In November the Church invites us to look at the bigger picture – life as we know it on earth is only part of a journey leading us to life everlasting. Faith helps us read events and situations from a different perspective, thus helping us face thorny life issues with inner serenity.
One defining yet challenging area of our human existence is gender and sexuality. In the gospel Jesus is repeatedly asked about it by his opponents. When challenged with questions regarding sexuality he typically answered in the context of this ‘bigger picture’ – life eternal. When asked to whom, after death, will belong the wife who survived her seven successive husbands, Jesus answers: “Your mistake is… that you do not know the power of God. For in the resurrection they neither marry, nor are given in marriage, but are as angels in heaven.” (Mt. 20:29)
In another major confrontation about divorce (Mt. 19:1-12) Jesus ends his defence of marriage by referring to those incapable of, or unwilling to marry and have sexual intercourse – the eunuchs.
I wish to propose some considerations inspired by these texts, well aware of the complexity of this issue. I offer them with respect and gratitude to homosexuals (and heterosexuals) seeking spiritual enlightenment on how they live their sexuality.
Accepting God in our lives does not mean escaping from or easing pain. It is freely accepting Him to lead us to a higher, more purposeful life. Jesus himself, aware of how hard were his words about eunuchs “for the sake of the Kingdom”, felt the need to add: “Not everyone can accept this word, but only those to whom it has been given”. (Mt 19:12)
Seen from the wider perspective of our eternal destiny, our identity is destined to go well beyond our gender or sex. When our bodies are transformed in the Risen Christ, gender stops defining the human person, simply because our earthly body no longer retains its limiting and defining nature.

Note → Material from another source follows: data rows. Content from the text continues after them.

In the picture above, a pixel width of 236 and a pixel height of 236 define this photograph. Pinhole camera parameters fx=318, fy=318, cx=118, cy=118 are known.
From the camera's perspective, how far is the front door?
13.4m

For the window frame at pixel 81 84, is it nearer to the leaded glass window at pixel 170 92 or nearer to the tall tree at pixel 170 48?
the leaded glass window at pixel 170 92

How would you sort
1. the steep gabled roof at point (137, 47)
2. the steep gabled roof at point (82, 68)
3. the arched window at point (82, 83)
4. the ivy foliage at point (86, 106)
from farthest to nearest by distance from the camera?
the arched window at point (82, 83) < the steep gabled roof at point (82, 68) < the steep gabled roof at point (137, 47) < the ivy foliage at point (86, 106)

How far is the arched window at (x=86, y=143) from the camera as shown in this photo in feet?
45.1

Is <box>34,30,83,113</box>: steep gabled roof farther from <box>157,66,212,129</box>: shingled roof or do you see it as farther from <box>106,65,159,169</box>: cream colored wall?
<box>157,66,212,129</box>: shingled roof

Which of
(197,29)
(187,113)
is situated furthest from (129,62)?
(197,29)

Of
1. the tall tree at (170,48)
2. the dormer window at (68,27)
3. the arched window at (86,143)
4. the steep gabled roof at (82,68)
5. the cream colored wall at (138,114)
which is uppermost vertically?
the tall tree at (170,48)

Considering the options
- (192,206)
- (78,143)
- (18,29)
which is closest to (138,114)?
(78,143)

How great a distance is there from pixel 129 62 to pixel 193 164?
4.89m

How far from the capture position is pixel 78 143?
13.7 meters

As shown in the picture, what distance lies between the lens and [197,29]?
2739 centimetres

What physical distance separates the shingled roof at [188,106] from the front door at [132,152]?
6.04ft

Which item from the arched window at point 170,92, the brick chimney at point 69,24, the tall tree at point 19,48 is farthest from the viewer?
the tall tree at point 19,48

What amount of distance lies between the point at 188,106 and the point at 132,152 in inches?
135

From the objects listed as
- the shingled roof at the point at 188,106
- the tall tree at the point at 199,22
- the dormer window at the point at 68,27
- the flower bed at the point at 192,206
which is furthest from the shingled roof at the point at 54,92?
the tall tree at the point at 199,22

With death, marriage is superseded, even if the intimacy between husband and wife, without being abolished, finds its fullness in the open, universal intimacy of God with all His creatures. We shall be like the “angels in heaven”. Can we look at homosexuality from the same perspective? Can homosexual people be a sign for the rest of us that gender and sexual relations are not the ultimate definition of who we are as children of God?

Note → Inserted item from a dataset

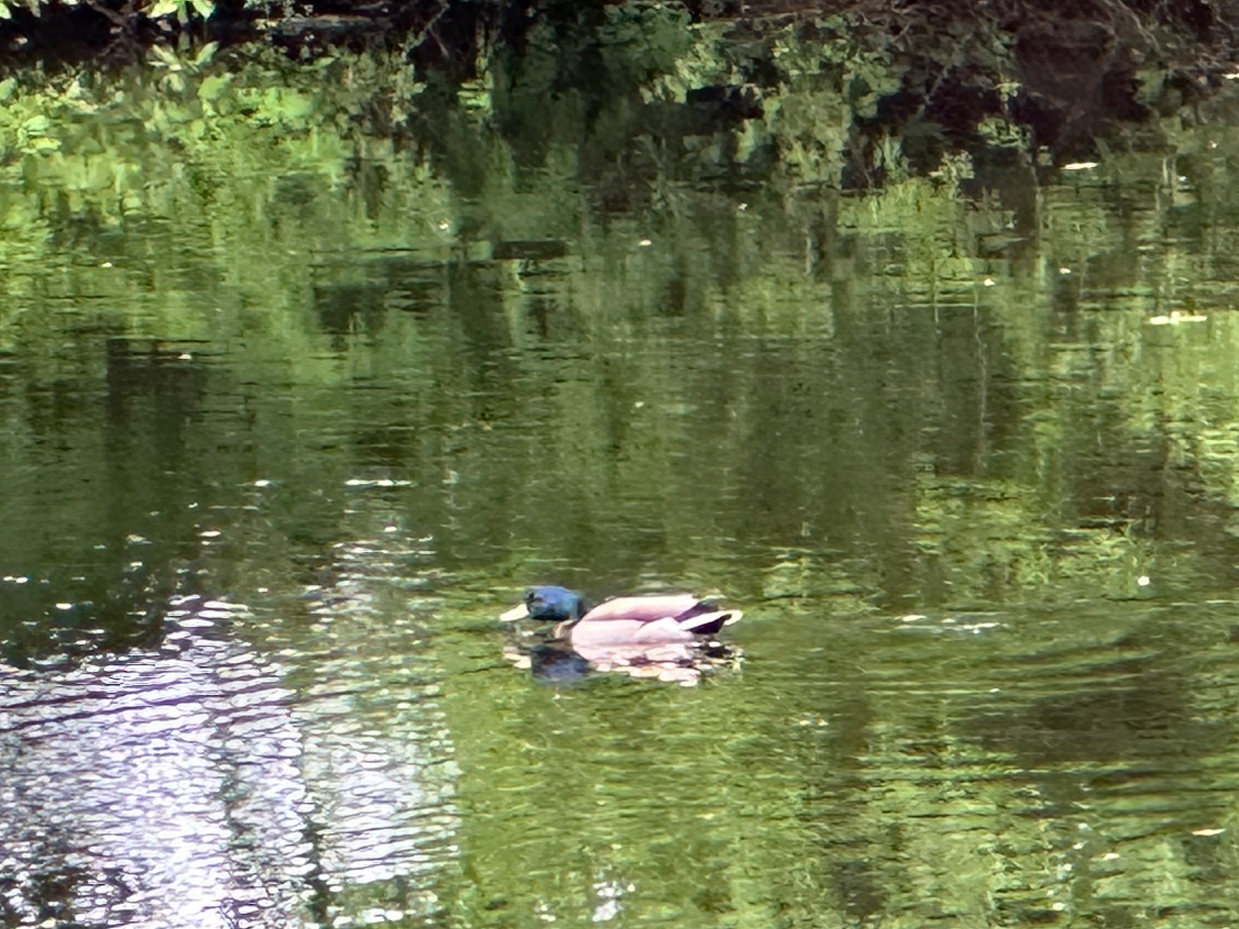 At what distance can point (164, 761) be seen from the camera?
530cm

In the above mentioned Ggospel passage Jesus mentions those who “made themselves eunuchs for the Kingdom of Heaven’s sake”. Jesus is saying that some are called to renounce sexual love and marriage to be prophetic pointers to our final human destiny – heaven – where sexuality, gender, bodily needs and restrictions no longer limit our soul and spirit.

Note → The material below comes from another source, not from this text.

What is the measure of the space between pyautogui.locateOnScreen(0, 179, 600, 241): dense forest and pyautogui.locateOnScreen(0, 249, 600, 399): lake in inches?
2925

These prophets are called to state by their celibacy that our human bodies, in their sexuality and gender, are not our ultimate identity. Our earthly bodies only introduce, accompany and help us reach the ultimate beauty and meaning of our existence – the Kingdom of Heaven.
This is the prophetic vocation that priests, nuns and consecrated people live in their freely embraced vow of celibacy. When the Church invites homosexuals to refrain from being sexually active, is it not inviting them, in practice, to live a chaste and celibate kind of love too?
Could homosexuals also, eager and free to follow Christ and live the gospel, find new depths to their identity and sexual orientation by choosing to join Christ in his renunciation to sexuality and marriage “for the sake of the Kingdom”? Seen this way the Church’s stance would perhaps look more as an invitation rather than a flat prohibition.
Those who choose to live this way will discover that their sexual identity is neither simply acquired nor need it be frustratingly endured. They can see themselves as precious gifts freely and joyfully received and offered because of the ultimate meaningfulness of who they are.
This holds not only for homosexuals but for all men and women. Struggling for our human dignity to be fully acknowledged is a virtue, but fighting back who we actually are is the opposite of liberation.
Loving who we are in the eyes of God makes our lives not only meaningful but truly fertile and life-giving. Each person, whatever his or her orientation or gender, is called by God to live his or her sexuality in such a way as to be a living witness of the fact that we humans, all humans, have been created for greater things.
Jesus calls these greater things “the Kingdom of Heaven”, our ultimate home. But to reach it we need to anchor our deepest human desires in the person of Jesus, who anchored himself in our human condition. With him, our suffering and death is no longer the end, but the fulfillment of who we really are.